• **YOUR INSTRUCTIONS**: The reply is a verbatim copy of the listing below with its images dropped.

####################

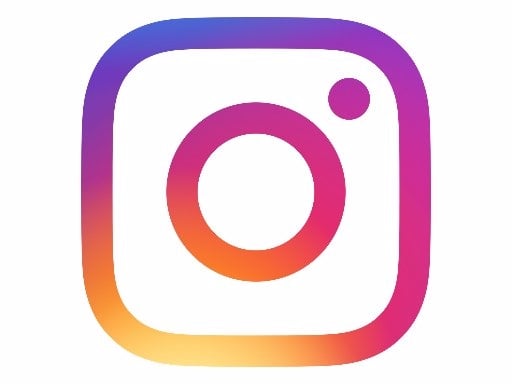 有史以來最突破性的一次 Update！Instagram 從今起推出相片＋影像 Slideshow！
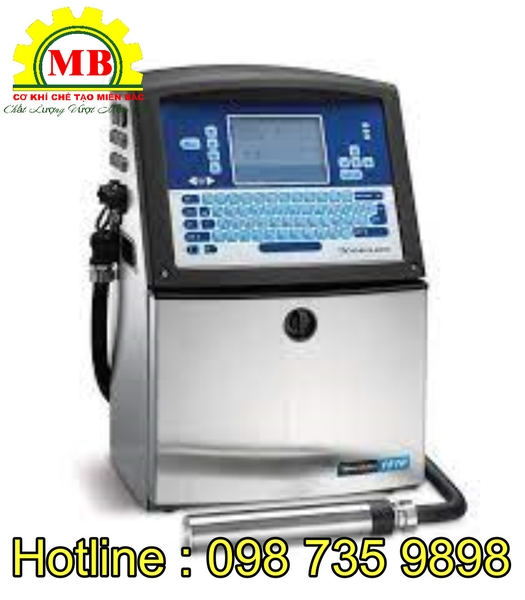 may-in-date-lien-tuc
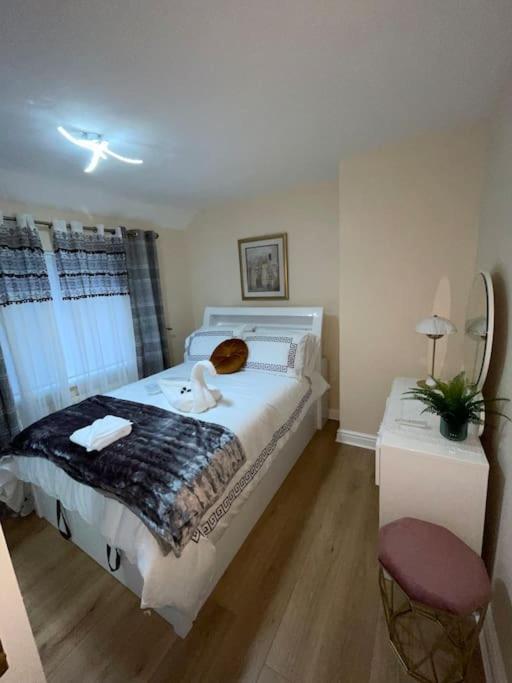 Gated Home Close To Birmingham City Centre Екстериор снимка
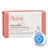 Avene xeracalm a d zelo bogati sindet 100 g %282%29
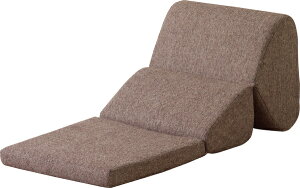 TVL x[W uE er  30 40 50   킢 CeA NbV  bNX v[g Mtg rO Q V K  ӂӂ 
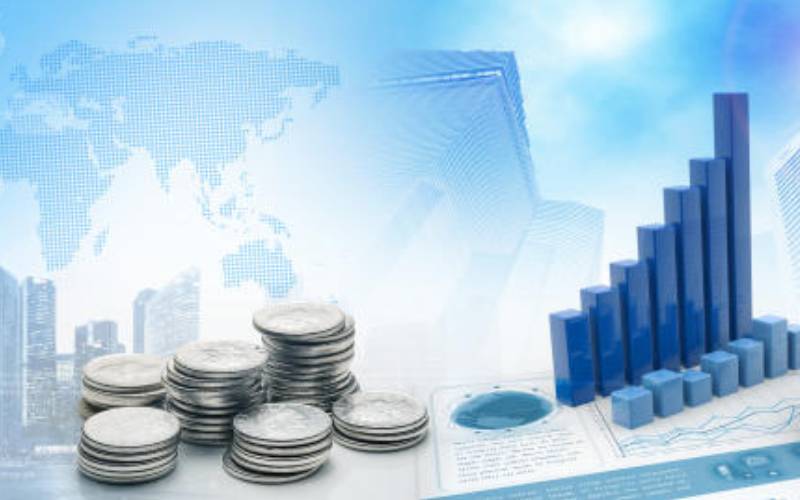 Kenya races ahead of peers in sovereign wealth fund set up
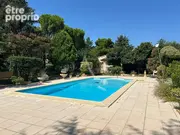 Maison à PENNAUTIER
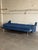 A versatile three-seater profile easily extends into a daybed for lounging or overnight guests. Its clean lines and...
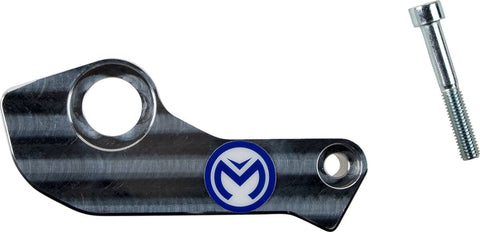 Guard Fork Left Sher MOOSE RACING HARD-PARTS MOOSE RACING MOTOVEIKALS 21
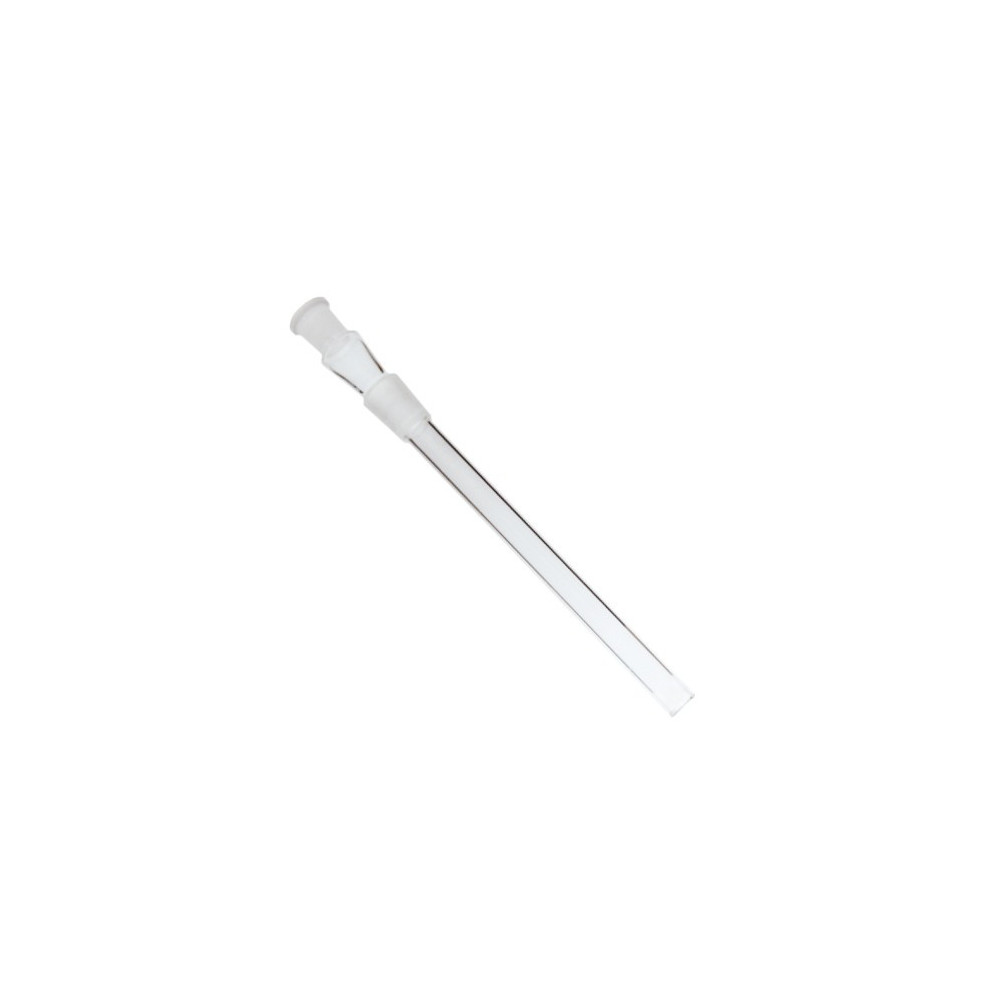 Bong downpipe z 19/14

####################

• **EXERCISE SOLUTION**:
 有史以來最突破性的一次 Update！Instagram 從今起推出相片＋影像 Slideshow！
 may-in-date-lien-tuc
 Gated Home Close To Birmingham City Centre Екстериор снимка
 Avene xeracalm a d zelo bogati sindet 100 g %282%29
 TVL x[W uE er  30 40 50   킢 CeA NbV  bNX v[g Mtg rO Q V K  ӂӂ 
 Kenya races ahead of peers in sovereign wealth fund set up
 Maison à PENNAUTIER
 A versatile three-seater profile easily extends into a daybed for lounging or overnight guests. Its clean lines and...
 Guard Fork Left Sher MOOSE RACING HARD-PARTS MOOSE RACING MOTOVEIKALS 21
 Bong downpipe z 19/14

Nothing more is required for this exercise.